For some reason, this seems to have cleared the Secure Boot state of the VM and probably applied the pool's default entries again. Because a subsequent reboot another month later landed the VM in the UEFI shell. After endless hours of debugging this makes sense, since the new Windows bootloader is signed by a certificate that XCP-ng does not know about.
Disabling Secure Boot on the VM allows it to start. So we can get the following output from it:
[System.Text.Encoding]::ASCII.GetString((Get-SecureBootUEFI db).bytes) -match 'Windows UEFI CA 2023' False [System.Text.Encoding]::ASCII.GetString((Get-SecureBootUEFI dbx).bytes) -match 'Microsoft Windows Production PCA 2011' True
Does anyone have any insights into how to re-enable secure boot on such a VM again? One option is probably to include the UEFI 2023 DB / KEK entries as described here: https://github.com/xcp-ng/uefistored/issues/52.
Other suggestions are more than welcome.
References:
- https://support.microsoft.com/en-us/topic/kb5025885-how-to-manage-the-windows-boot-manager-revocations-for-secure-boot-changes-associated-with-cve-2023-24932-41a975df-beb2-40c1-99a3-b3ff139f832d
- https://learn.microsoft.com/en-us/windows-hardware/manufacture/desktop/windows-secure-boot-key-creation-and-management-guidance?view=windows-11
-
Thanks for this report. EFI variables are supposed to be migrated or exported along with the VM, this is a surprising case. I wonder if there's a specific issue with cross-pool live migration.
-
You can download the recent certificates from Microsoft, and manually install them to the pool. See https://docs.xcp-ng.org/guides/guest-UEFI-Secure-Boot/#install-the-default-uefi-certificates-manually, to be adapted to the newer files.

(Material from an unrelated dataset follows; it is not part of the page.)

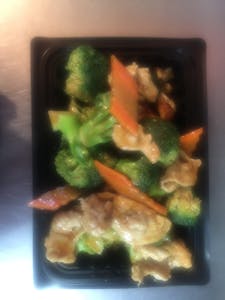 Order 38. Chicken with Broccoli food online from Taste Of China store, Spring Hill on bringmethat.com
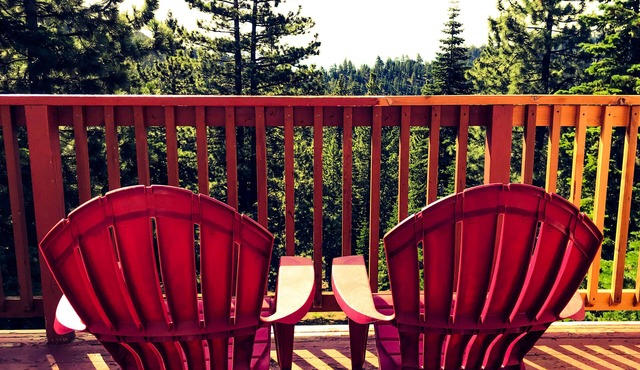 Tranquil mountain Retreat near ski-resort, casinos, and Zephyr Cove in Glenbrook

Then you can trigger the propagation from the pool to the VM.
-
Thanks for your insights. After a lot of trial and error we were able to get the VM back online with secure boot enabled. The recovery was as follows:
- Disable secure boot in Xen orchestra for the VM
- Boot Windows without secure boot
- Drop into the UEFI firmware settings via
shutdown /f /r /o /t 0
and selectingTroubleshoot
->Advanced Options
->UEFI Firmware Settings
- Then select
Boot Maintenance Manager
->Boot from File
- Select the right volume and browse to
EFI\Microsoft\Boot
- Select
SecureBootRecovery.efi
and hit enter to start the program, this will re-apply the certificate "Windows UEFI CA 2023" to the secure boot DB
-
@stormi This did not work on a test system. The command simply errored out.
-
@stormi I have seen this state clearing for two VM migrations on the same pool. The hardware on all machines is identical and the migration is from one machine to the other, so no cross-pool migration involved.
What we have also observed after the fact, is that in Xen orchestra it states that the VM has been created on the day of the migration, not the day the VM was actually created. So it seems as it was indeed "re-created" after the migration.
For "failed" machines it says:
Created by Unknown on 2024-08-25 18:11 with template Windows Server 2019 (64-bit)
For machines which were not migration but created at the same instant:
Created by Unknown on 2022-01-07 10:09 with template Windows Server 2019 (64-bit)
-
@conitrade-as said in VM migration seems to have cleared VM secure boot state:
@stormi This did not work on a test system. The command simply errored out.
Which command exactly, and with which error?
-
A VM's UEFI variables are not supposed to be erased after a migration . What kind of migration was it? Can you describe the exact operations, and whether the storage is local or shared?